Romney has always kept his distance from the real-life consequences of his profiteering. At one point during Bain’s looting of Ampad, a worker named Randy Johnson sent a handwritten letter to Romney, asking him to intervene to save an Ampad factory in Marion, Indiana. In a sterling demonstration of manliness and willingness to face a difficult conversation, Romney, who had just lost his race for the Senate in Massachusetts, wrote Johnson that he was “sorry,” but his lawyers had advised him not to get involved. (So much for the candidate who insists that his way is always to “fight to save every job.”)

This is typical Romney, who consistently adopts a public posture of having been above the fray, with no blood on his hands from any of the deals he personally engineered. “I never actually ran one of our investments,” he says in Turnaround. “That was left to management.”

In reality, though, Romney was unquestionably the decider at Bain. “I insisted on having almost dictatorial powers,” he bragged years after the Ampad deal. Over the years, colleagues would anonymously whisper stories about Mitt the Boss to the press, describing him as cunning, manipulative and a little bit nuts, with “an ability to identify people’s insecurities and exploit them for his own benefit.” One former Bain employee said that Romney would screw around with bonuses in small amounts, just to mess with people: He would give $3 million to one, $3.1 million to another and $2.9 million to a third, just to keep those below him on edge.

The private equity business in the early Nineties was dominated by a handful of takeover firms, from the spooky and politically connected Carlyle Group (a favorite subject of conspiracy-theory lit, with its connections to right-wingers like Donald Rumsfeld and George H.W. Bush) to the equally spooky Democrat-leaning assholes at the Blackstone Group. But even among such a colorful cast of characters, Bain had a reputation on Wall Street for secrecy and extreme weirdness – “the KGB of consulting.” Its employees, known for their Mormonish uniform of white shirts and red power ties, were dubbed “Bainies” by other Wall Streeters, a rip on the fanatical “Moonies.” The firm earned the name thanks to its idiotically adolescent Spy Kids culture, in which these glorified slumlords used code names, didn’t carry business cards and even sang “company songs” to boost morale.

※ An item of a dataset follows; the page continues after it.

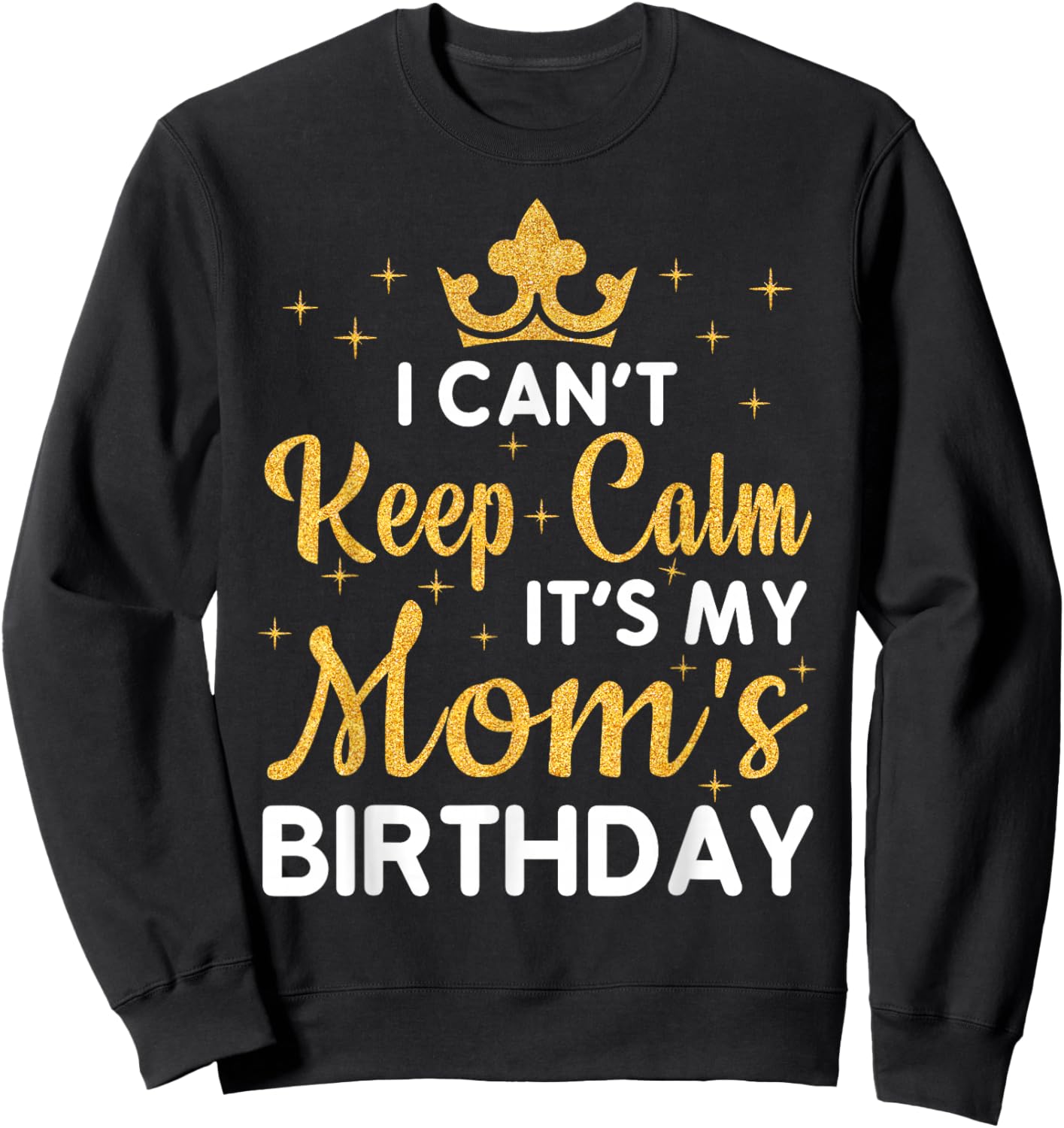 Party Moms Can't Keep Calm It's My Mom's Birthday Sweatshirt - Sweatshirt | Black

The seemingly religious flavor of Bain’s culture smacks of the generally cultish ethos on Wall Street, in which all sorts of ethically questionable behaviors are justified as being necessary in service of the church of making money. Romney belongs to a true-believer subset within that cult, with a revolutionary’s faith in the wisdom of the pure free market, in which destroying companies and sucking the value out of them for personal gain is part of the greater good, and governments should “stand aside and allow the creative destruction inherent in the free economy.”

That cultlike zeal helps explains why Romney takes such a curiously unapologetic approach to his own flip-flopping. His infamous changes of stance are not little wispy ideological alterations of a few degrees here or there – they are perfect and absolute mathematical reversals, as in “I believe that abortion should be safe and legal in this country” and “I am firmly pro-life.” Yet unlike other politicians, who at least recognize that saying completely contradictory things presents a political problem, Romney seems genuinely puzzled by the public’s insistence that he be consistent. “I’m not going to apologize for having changed my mind,” he likes to say. It’s an attitude that recalls the standard defense offered by Wall Street in the wake of some of its most recent and notorious crimes: Goldman Sachs excused its lying to clients, for example, by insisting that its customers are “sophisticated investors” who should expect to be lied to. “Last time I checked,” former Morgan Stanley CEO John Mack sneered after the same scandal, “we were in business to be profitable.”

Within the cult of Wall Street that forged Mitt Romney, making money justifies any behavior, no matter how venal. The look on Romney’s face when he refuses to apologize says it all: Hey, I’m trying to win an election. We’re all grown-ups here. After the Ampad deal, Romney expressed contempt for critics who lived in “fantasy land.” “This is the real world,” he said, “and in the real world there is nothing wrong with companies trying to compete, trying to stay alive, trying to make money.”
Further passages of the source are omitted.